Data segment:
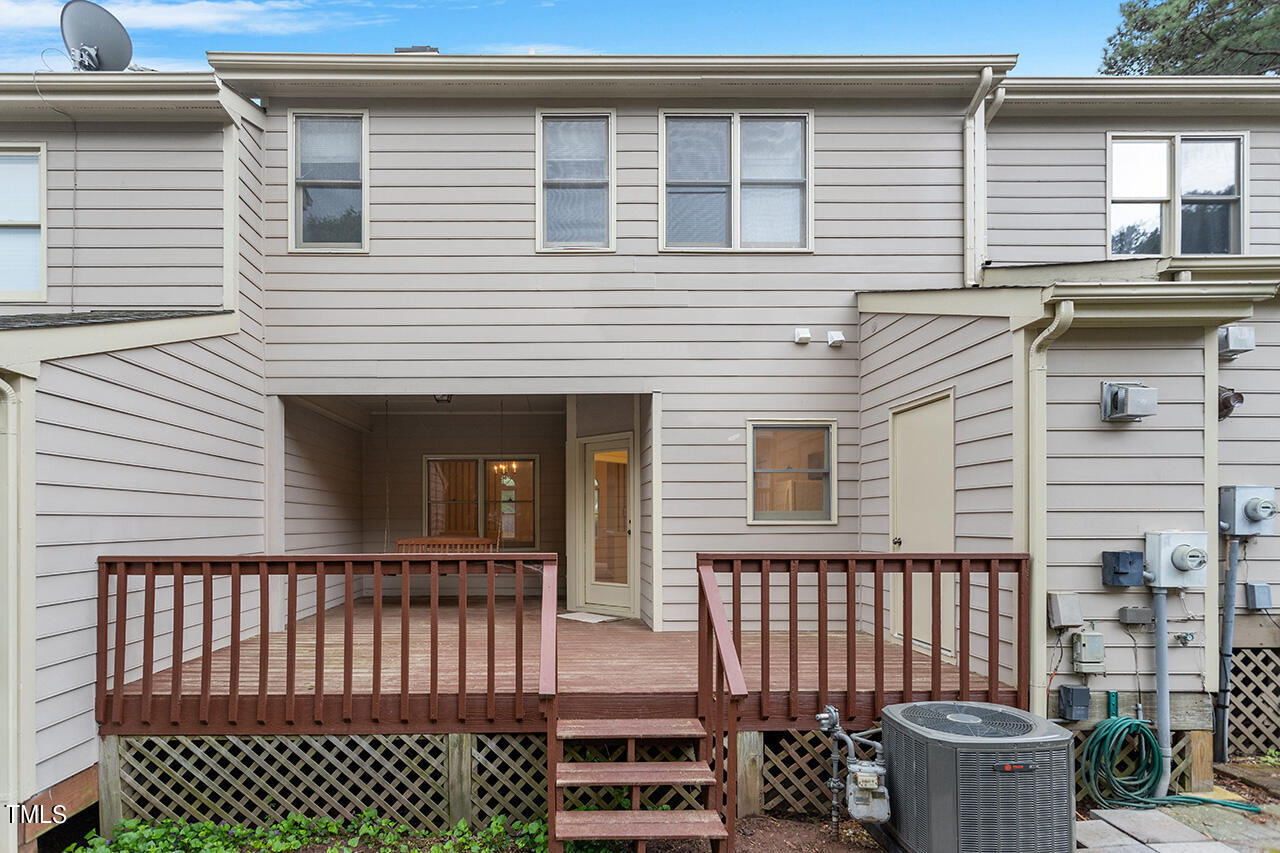 4114 Settlement Drive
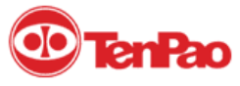 TenPao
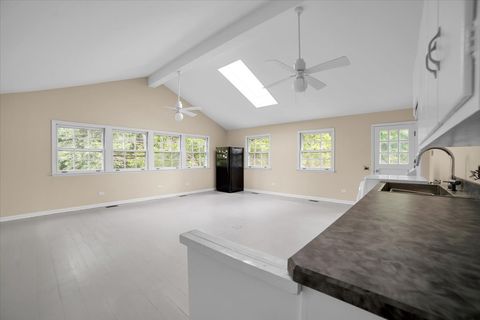 Tiny photo for 3N011 Morningside Avenue, West Chicago, IL 60185 (MLS # 12585255)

What the task requires: Without the images, print all of the lines above exactly.

Final answer:
 4114 Settlement Drive
 TenPao
 Tiny photo for 3N011 Morningside Avenue, West Chicago, IL 60185 (MLS # 12585255)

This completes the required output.